La urna del 1-O que cedió la consellera de Presidencia y portavoz del Govern, Meritxell Budó, para una subasta solidaria en Cataluña ha sido adquirida por 250 euros, mientras que por la gorra del mayor de los Mossos d’Esquadra Josep Lluis Trapero se han pagado 930 euros.

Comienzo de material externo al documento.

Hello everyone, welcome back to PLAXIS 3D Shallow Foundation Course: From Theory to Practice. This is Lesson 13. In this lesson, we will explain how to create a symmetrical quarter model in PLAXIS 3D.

Budó había explicado que había querido dar la urna del 1-O para la subasta solidaria, con cuya recaudación se adquieren juguetes para regalar a los niños de familias desfavorecidas, porque, ha dicho: «Si queremos un futuro mejor necesitamos poder volver a decidir libremente cuál ha de ser el futuro de nuestro país».

Ha sido en la 54 edición de la campaña ‘Cap nen sense joguina’ (Ningún niño sin Juguete), que organiza Ser-Cataluña la noche de Reyes y que ha recaudado 52.570 euros en su subasta solidaria, su récord histórico, en que la máxima puja, de 4.550 euros, ha recaído en una guitarra del cantante Alfred García.

Según han detallado los organizadores de esta tradicional iniciativa solidaria, que recauda dinero para que los Reyes Magos puedan llevar regalos a los niños de las familias más desfavorecidas, el segundo objeto donado por famosos para la subasta por el que los oyentes han pagado una mayor suma ha sido una guitarra del cantautor Joan Manuel Serrat, por la que se han abonado 3.600 euros.

Otras de las piezas más codiciadas en esta iniciativa solidaria de Ser-Cataluña han sido una bicicleta del escritor y trader Josep Ajram (2.600 euros), una camiseta del delantero del RCD Espanyol Raúl de Tomás (2.000 euros), la obra La Trobada, de Guim Tió (1.400 euros), una camiseta y postales del tenista suizo Roger Federer (1.200 euros) y una pintura del cantante Manolo García (1.100 euros).

Otros objetos por los que han pujado los oyentes de esta campaña solidaria han sido un póster donado por el periodista Jordi Évole de su documental Eso que tú me das, con 750 euros; una tarjeta roja a Maradona entregada por el árbitro Iturralde González, con 900 euros; una camiseta del futbolista canario Pedri, con 950 euros; otra del brasileño Neymar, con 750 euros, y un juego de pendientes y mascarillas donadas por la consellera de Salud, Alba Vergés, con 550 euros.